Pictures in the material below are to be left out, and only the lines from the line with "Cosmetic Changes with" up to and including the line with "Lip Filler Before" are to be written out exactly.

## The data

--------------------------------------------------

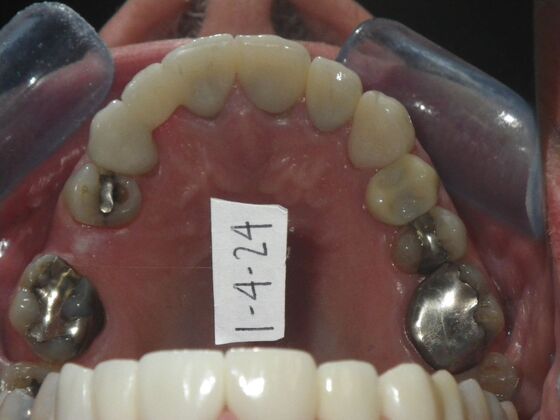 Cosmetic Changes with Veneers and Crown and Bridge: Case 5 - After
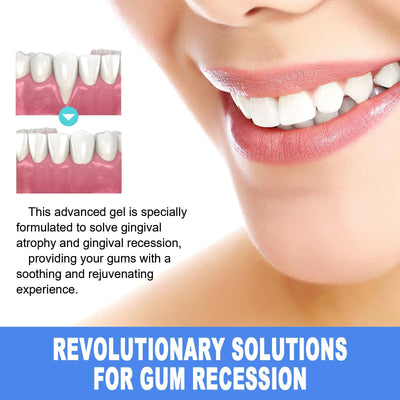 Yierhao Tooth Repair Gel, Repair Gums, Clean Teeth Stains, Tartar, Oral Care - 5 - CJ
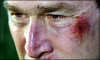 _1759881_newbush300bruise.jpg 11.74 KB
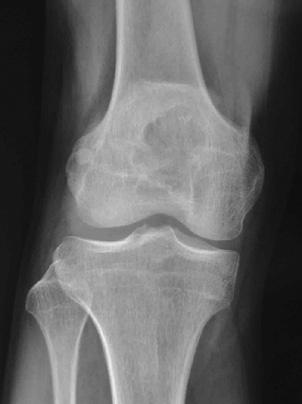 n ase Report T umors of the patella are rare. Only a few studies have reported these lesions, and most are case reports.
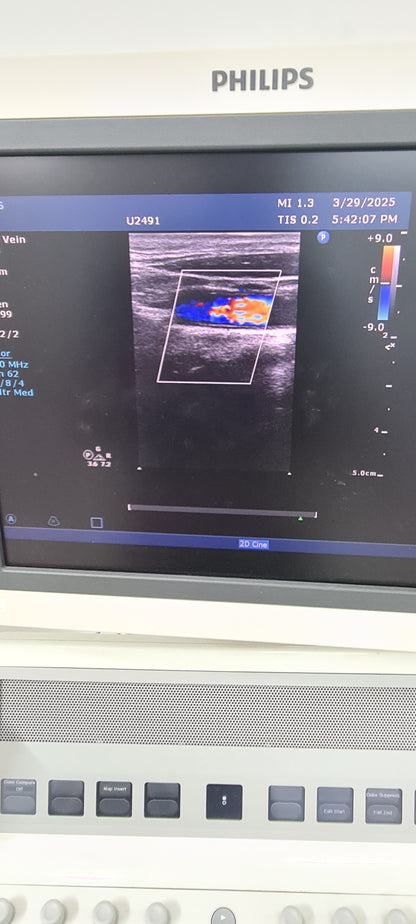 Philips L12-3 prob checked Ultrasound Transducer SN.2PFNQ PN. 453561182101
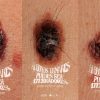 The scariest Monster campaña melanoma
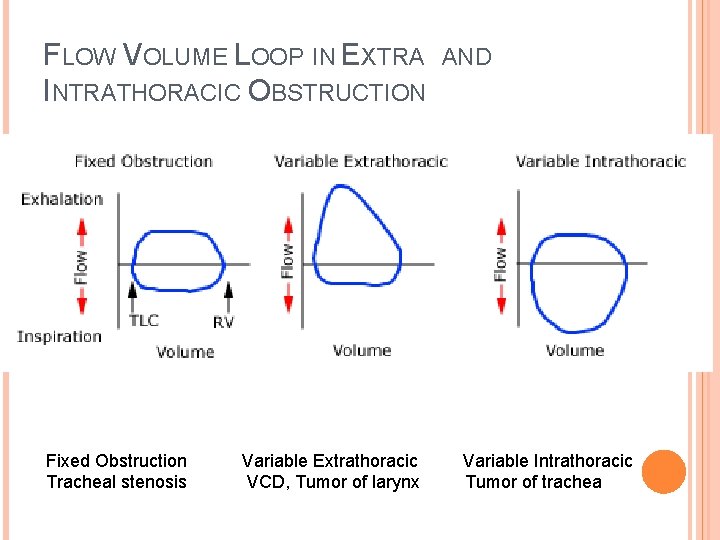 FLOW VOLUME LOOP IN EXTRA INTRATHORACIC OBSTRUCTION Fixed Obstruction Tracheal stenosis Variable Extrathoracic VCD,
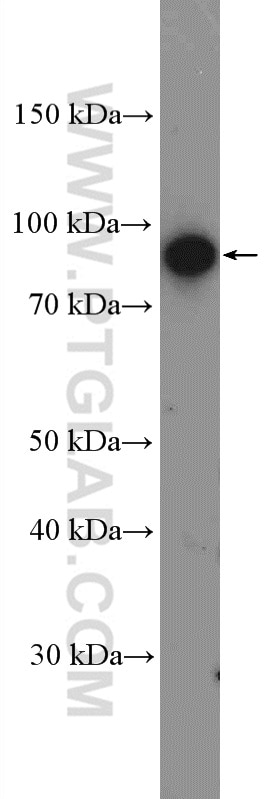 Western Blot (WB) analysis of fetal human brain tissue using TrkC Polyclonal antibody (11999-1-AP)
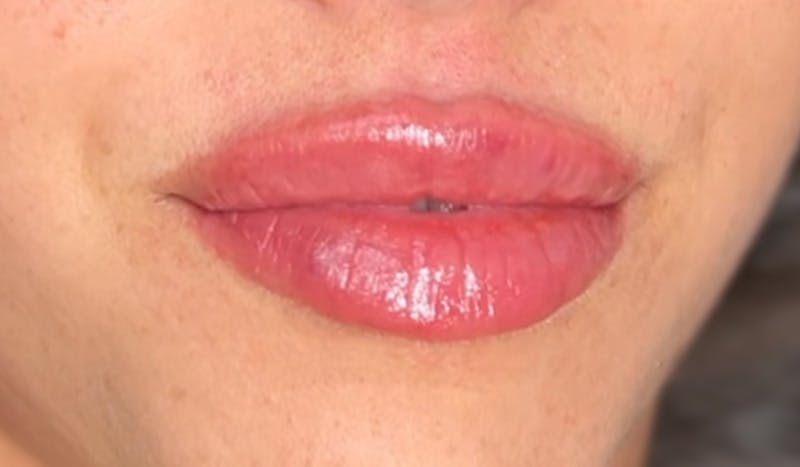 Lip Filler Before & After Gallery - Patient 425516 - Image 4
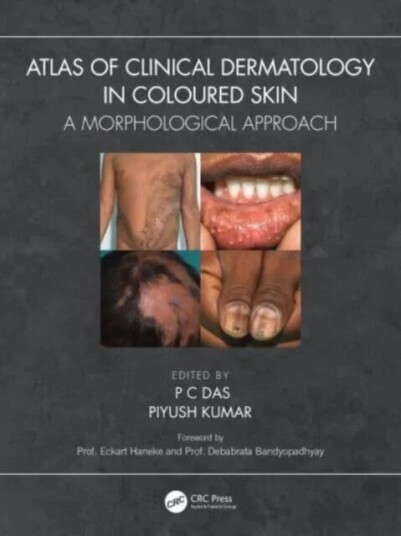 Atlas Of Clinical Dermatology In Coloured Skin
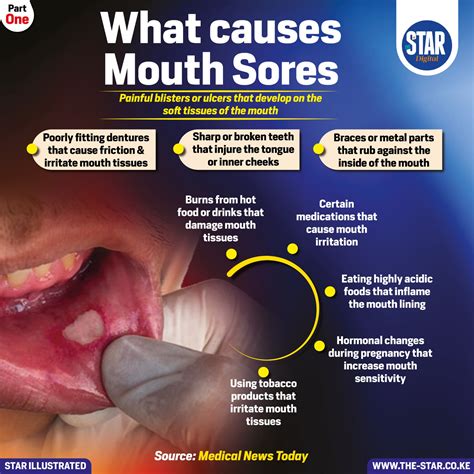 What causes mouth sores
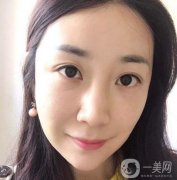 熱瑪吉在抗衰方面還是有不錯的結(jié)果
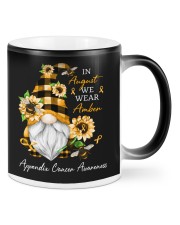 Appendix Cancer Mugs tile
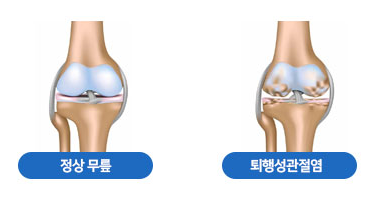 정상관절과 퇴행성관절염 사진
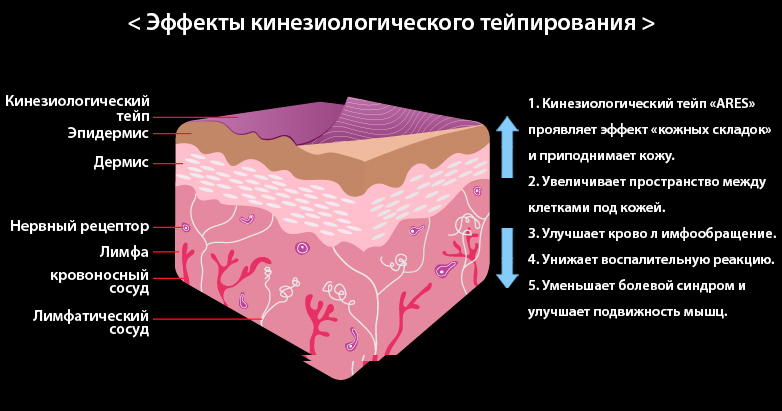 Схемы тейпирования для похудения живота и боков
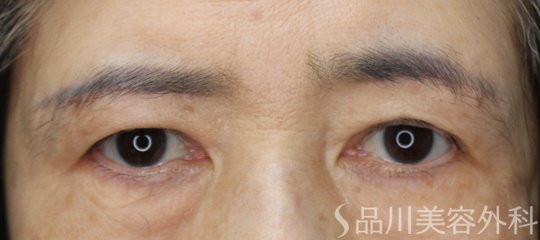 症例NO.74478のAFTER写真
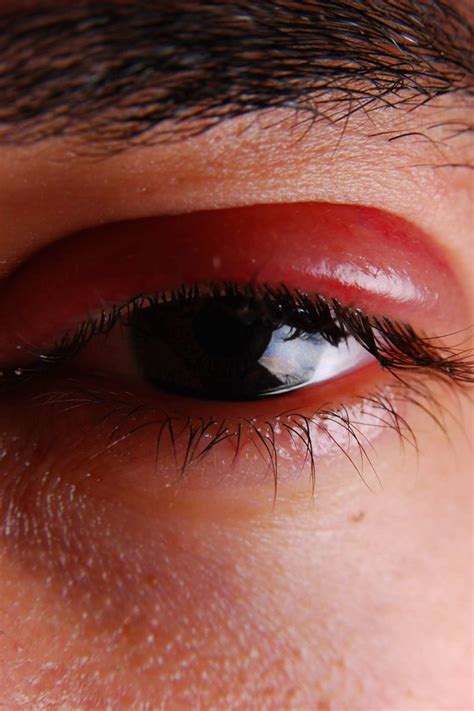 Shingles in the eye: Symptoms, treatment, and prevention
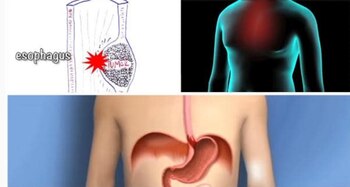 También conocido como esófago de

--------------------------------------------------

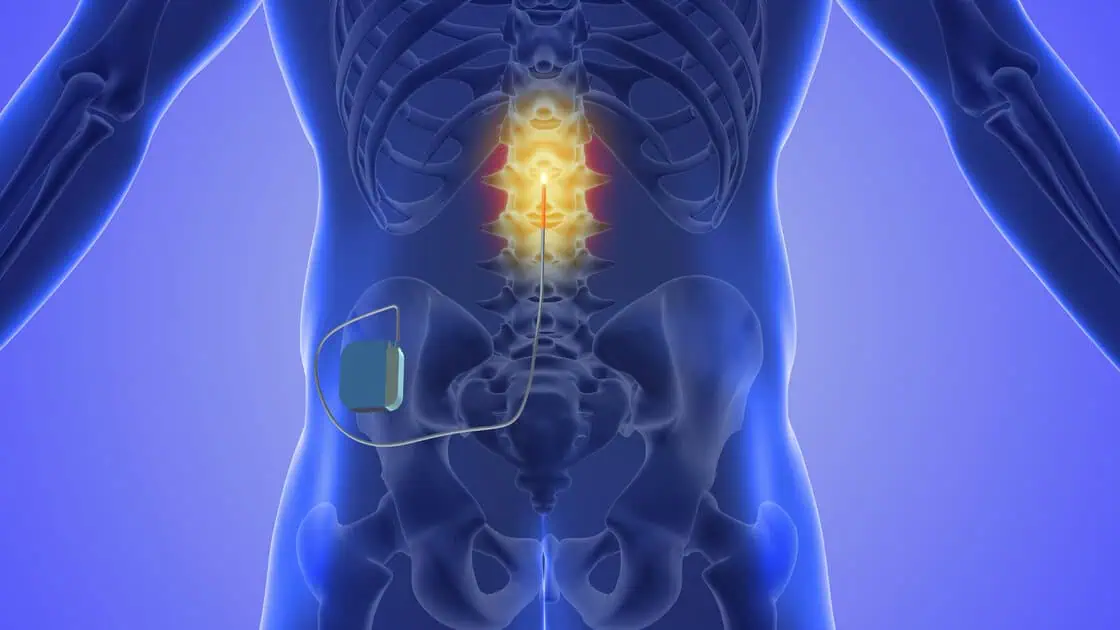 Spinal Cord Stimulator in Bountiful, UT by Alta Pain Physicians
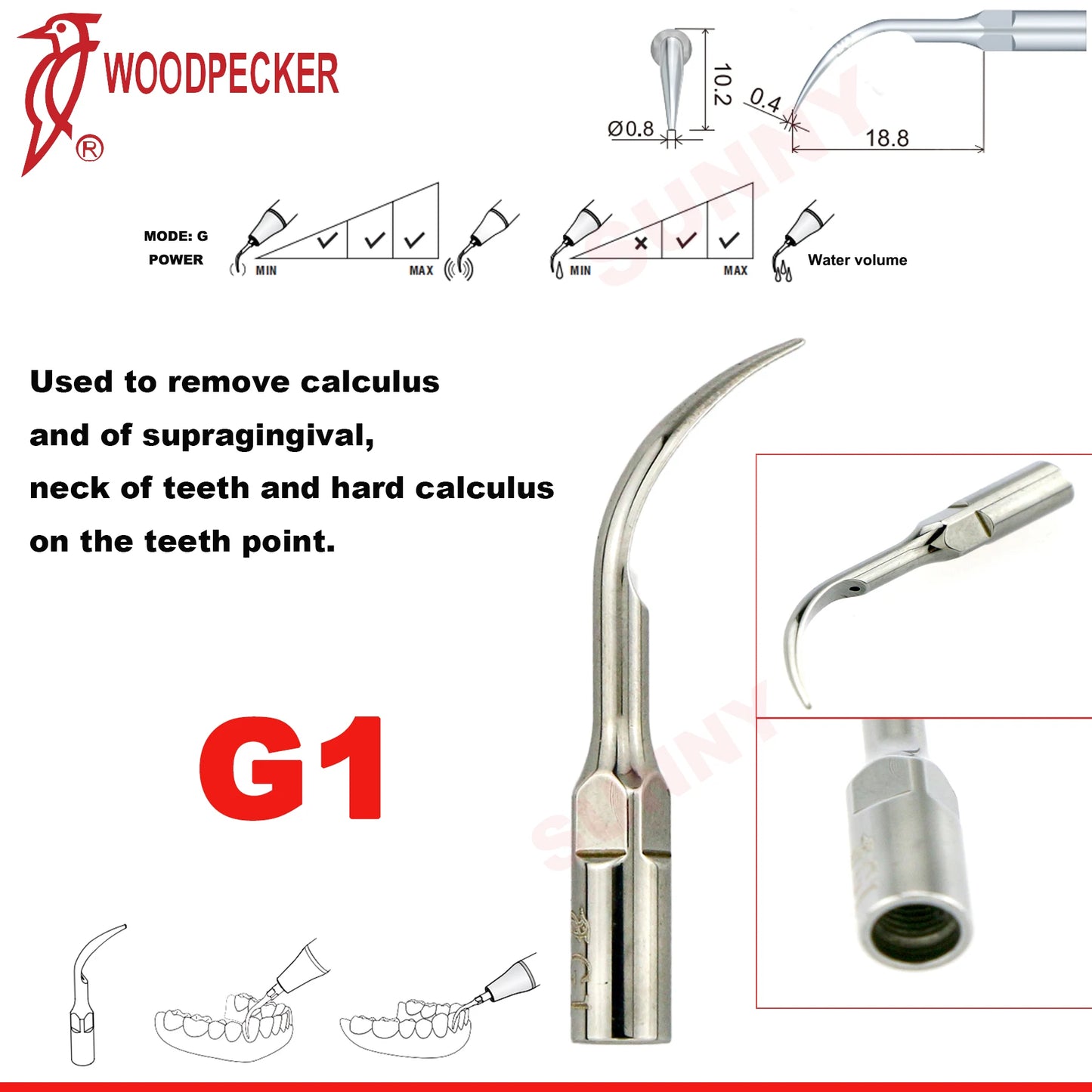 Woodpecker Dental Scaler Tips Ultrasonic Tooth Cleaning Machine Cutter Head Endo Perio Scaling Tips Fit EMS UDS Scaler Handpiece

--------------------------------------------------

## Task answer
 Cosmetic Changes with Veneers and Crown and Bridge: Case 5 - After
 Yierhao Tooth Repair Gel, Repair Gums, Clean Teeth Stains, Tartar, Oral Care - 5 - CJ
 _1759881_newbush300bruise.jpg 11.74 KB
 n ase Report T umors of the patella are rare. Only a few studies have reported these lesions, and most are case reports.
 Philips L12-3 prob checked Ultrasound Transducer SN.2PFNQ PN. 453561182101
 The scariest Monster campaña melanoma
 FLOW VOLUME LOOP IN EXTRA INTRATHORACIC OBSTRUCTION Fixed Obstruction Tracheal stenosis Variable Extrathoracic VCD,
 Western Blot (WB) analysis of fetal human brain tissue using TrkC Polyclonal antibody (11999-1-AP)
 Lip Filler Before & After Gallery - Patient 425516 - Image 4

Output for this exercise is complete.